Because PostgreSQL is fully open source there are many forks of it. One of them is called Greenplum which describes itself as “an advanced, fully featured, open source data warehouse, based on PostgreSQL”. Sounds interesting, so lets give it a try. This will be a series of blog posts and in this first one we’re going to prepare the operating system, install the software and verify the installation afterwards.

What follows is basically a short version of the installation guide which you can find here.

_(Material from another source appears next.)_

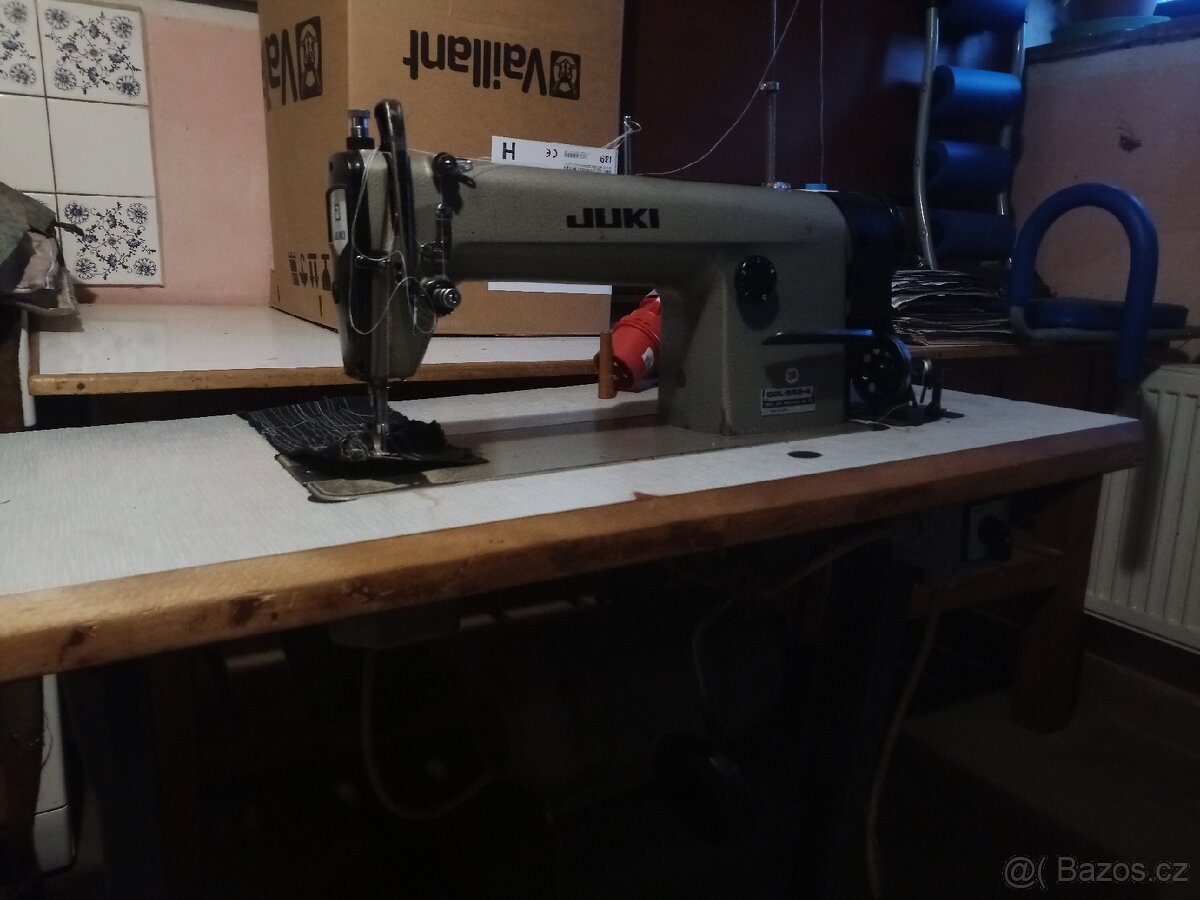 Šicí stroj JUKI DDL-555-4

One of the requirements is either to disable SELinux or to configure it properly for the Greenplum installation. As this is only a playground, let’s do it the easy way and just disable it. This can be done by setting SELinux to “disabled” in /etc/sysconfig/selinux and reboot the system (I am using Rocky Linux 9 here):

[gpadmin@rocky9-gp7-master ~]$ grep -w SELINUX /etc/sysconfig/selinux 
# SELINUX= can take one of these three values:
# NOTE: Up to RHEL 8 release included, SELINUX=disabled would also
SELINUX=disabled
[root@rocky9-gp7-master ~]$ reboot
[root@rocky9-gp7-master ~]$ getenforce 
Disabled

The same for the local firewall, either disable it or configure it properly:

[root@rocky9-gp7-master ~]$ systemctl stop firewalld
[root@rocky9-gp7-master ~]$ systemctl disable firewalld
Removed "/etc/systemd/system/multi-user.target.wants/firewalld.service".
Removed "/etc/systemd/system/dbus-org.fedoraproject.FirewallD1.service".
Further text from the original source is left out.